Well I wager I am really boring you with my over-processed tshirt shots, aren't I?


----------



## ::trainwreck:: (Sep 10, 2009)

Maybe have her turn a little bit more towards the camera, it would show the shirt a little better.


----------



## dtzitko (Sep 10, 2009)

RMThompson said:


> Well I wager I am really boring you with my over-processed tshirt shots, aren't I?



Nothing boring here. Great photo, and she's awful easy on the eyes too. :mrgreen:


----------



## Cero21 (Sep 11, 2009)

Great work as usual!  I agree I am more attracted to the model herself than the shirt though!


----------



## NiKOnSLR (Sep 12, 2009)

Great pics. Love the quality.


----------



## Lyncca (Sep 12, 2009)

Very nice as always


----------



## manaheim (Sep 12, 2009)

Very nice.  I agree on the turning toward the cam as I didn't really realize it was a t-shirt ad pic until I saw the logo and then went back.  (Not that it's entirely bad that we're distracted by the woman being womanly... but I assume the t-shirt folks want the woman to grab your attention and then to stare at the shirt)

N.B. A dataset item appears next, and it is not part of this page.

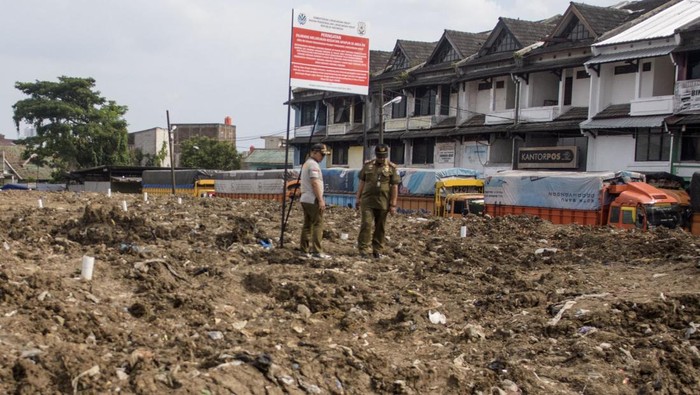 Petugas Satpol PP Kota Bandung berdiri di dekat papan informasi penyegelan di Tempat Pembuangan Sementara (TPS) Pasar Caringin, Bandung, Jawa Barat, Selasa (11/2/2025). Tim Penegakan Hukum Kementerian Lingkungan Hidup (KLH) menyegel dan menutup TPS tersebut akibat melakukan pelanggaran lingkungan terkait pengelolaan dalam menimbun sampah dan membakar sampah memakai insenerator tanpa izin.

I also think the highlights are a touch blown and such, but I also immediately identified that as a style choice and a nicely handled one as well.

Really nice overall.


----------



## RMThompson (Sep 13, 2009)

manaheim said:


> Very nice. I agree on the turning toward the cam as I didn't really realize it was a t-shirt ad pic until I saw the logo and then went back. (Not that it's entirely bad that we're distracted by the woman being womanly... but I assume the t-shirt folks want the woman to grab your attention and then to stare at the shirt)
> 
> I also think the highlights are a touch blown and such, but I also immediately identified that as a style choice and a nicely handled one as well.
> 
> Really nice overall.


 
Thanks.

Adressing the "turning towards the camera" issue... I take hundreds of Tshirt photos a week, and for the most part 90% of them are straight on Tshirt shots. Recently I've been trying to experiment with some ways to show off the shirts with a more natural feel, like this.


----------



## craig (Sep 13, 2009)

Love it! Your work is constantly growing. 

I love the tshirt work and it of course pays the bills. Do consider branching out. Paid or TFP fashion work seems like the next step. 

Love & Bass


----------



## Moonb007 (Sep 14, 2009)

I think its great, and it does not fit the typical mold like other shirt companies with her on the angle.


----------